Following King Theebaw’s accession to the Burmese throne in in 1878 the country was becoming increasingly dominated by Theebaw’s wife who had imposed a brutal regime and fines the British Bombay-Burma Trading Company and giving preferential treatment to the French. The British at first had been preoccupied by the war in Afghanistan but by 1884 they were ready to resolve the situation in Burma.
Although in October 1884 the French declared that they would be happy to share Burma with the British, this was not acceptable to the British who issued the Burmese an ultimatum about the teak logging rights. This was to the effect that the Burmese should compensate the British for losses and that the King would have to accept an ambassador and occupying troops.
The King refused to accept the ultimatum and a strong British force of 10,000 troops, including 2nd Hampshire advanced into King Theebaw’s territory was entered. Burmese government officials had been telling King Theebaw and his Queen that Burma was winning the war to the extent that a victory party was held when the British were only a few miles from Mandalay.

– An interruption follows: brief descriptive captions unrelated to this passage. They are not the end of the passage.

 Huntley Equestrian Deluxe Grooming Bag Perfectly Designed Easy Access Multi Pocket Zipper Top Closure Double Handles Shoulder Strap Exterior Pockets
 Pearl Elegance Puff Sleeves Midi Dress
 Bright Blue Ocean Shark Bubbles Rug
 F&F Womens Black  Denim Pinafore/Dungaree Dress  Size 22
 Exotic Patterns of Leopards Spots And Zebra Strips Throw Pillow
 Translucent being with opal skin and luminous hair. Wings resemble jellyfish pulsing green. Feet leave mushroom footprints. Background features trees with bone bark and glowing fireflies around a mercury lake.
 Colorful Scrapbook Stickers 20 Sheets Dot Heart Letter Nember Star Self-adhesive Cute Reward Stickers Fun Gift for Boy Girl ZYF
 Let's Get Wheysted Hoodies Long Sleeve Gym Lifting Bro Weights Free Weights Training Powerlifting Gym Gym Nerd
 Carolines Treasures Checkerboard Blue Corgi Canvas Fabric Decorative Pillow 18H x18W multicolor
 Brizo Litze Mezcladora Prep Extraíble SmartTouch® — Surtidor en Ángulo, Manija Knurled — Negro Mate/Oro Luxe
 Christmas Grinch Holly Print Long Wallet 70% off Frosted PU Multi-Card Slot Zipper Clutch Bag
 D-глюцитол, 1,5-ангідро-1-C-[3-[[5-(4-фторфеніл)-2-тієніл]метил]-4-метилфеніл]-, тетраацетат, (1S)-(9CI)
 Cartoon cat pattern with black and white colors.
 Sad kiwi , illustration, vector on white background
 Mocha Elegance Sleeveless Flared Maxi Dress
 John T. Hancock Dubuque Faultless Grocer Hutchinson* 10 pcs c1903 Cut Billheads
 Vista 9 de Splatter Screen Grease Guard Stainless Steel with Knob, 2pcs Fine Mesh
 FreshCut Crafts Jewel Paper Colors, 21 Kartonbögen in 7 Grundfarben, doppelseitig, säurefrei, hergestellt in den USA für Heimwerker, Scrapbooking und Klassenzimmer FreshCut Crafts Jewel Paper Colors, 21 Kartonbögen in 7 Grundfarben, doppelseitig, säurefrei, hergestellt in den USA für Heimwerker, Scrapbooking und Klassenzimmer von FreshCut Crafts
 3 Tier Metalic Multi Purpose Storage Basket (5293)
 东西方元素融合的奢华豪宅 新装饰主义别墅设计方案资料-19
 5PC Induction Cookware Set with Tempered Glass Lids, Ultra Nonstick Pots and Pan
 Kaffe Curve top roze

The speed of the British advance surprised the Burmese and the force was able to push on easily. Mandalay was taken very quickly and the King surrendered to the British, though many Burmese fighters (dacoits) took to the jungle and guerrilla warfare began, which was hard to control.
The Hampshires were the first British troops to enter Mandalay and provided guards over Theebaw’s palace and the reputed large amount of treasure that was contained in it.
Lieutenant Richard Haking, who was later Colonel of the Regiment for 20 years, was put in charge of King Theebaw when the palace had been taken. It was at this point that a portrait of King Mindon (King Theebaw’s father) was found by Lt Haking’s native servant who used it as a tray to bring him his morning tea.
Other items made their way to the Regiment, including a sculpture of King Theebaw that was carved from teak by the chief priest on the King’s staff. According to the donor it was an excellent likeness of the King. The top-knot is a sign that the King was a Buddhist.
Shortly afterwards, Theebaw and his Queen were exiled to Ratnagiri Fort, near Bombay, and on 1st January 1886 the British issued a decree making Burma a province of British India. King Theebaw eventually died there in 1916.